START Data

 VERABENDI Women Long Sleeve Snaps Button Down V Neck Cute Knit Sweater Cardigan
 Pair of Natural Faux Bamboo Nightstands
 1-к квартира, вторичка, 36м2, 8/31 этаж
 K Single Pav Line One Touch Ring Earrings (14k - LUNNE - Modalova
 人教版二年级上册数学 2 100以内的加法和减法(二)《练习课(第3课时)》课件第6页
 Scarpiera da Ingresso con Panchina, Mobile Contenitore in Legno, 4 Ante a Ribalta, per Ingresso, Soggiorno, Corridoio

END Data

Starting with the line above that holds "1-к квартира, вторичка, 36м2, 8/31 этаж" and stopping with the line that holds "人教版二年级上册数学 2 100以内的加法和减法(二)《练习课(第3课时)》课件第6页", reproduce each line exactly, omitting all other lines.

 1-к квартира, вторичка, 36м2, 8/31 этаж
 K Single Pav Line One Touch Ring Earrings (14k - LUNNE - Modalova
 人教版二年级上册数学 2 100以内的加法和减法(二)《练习课(第3课时)》课件第6页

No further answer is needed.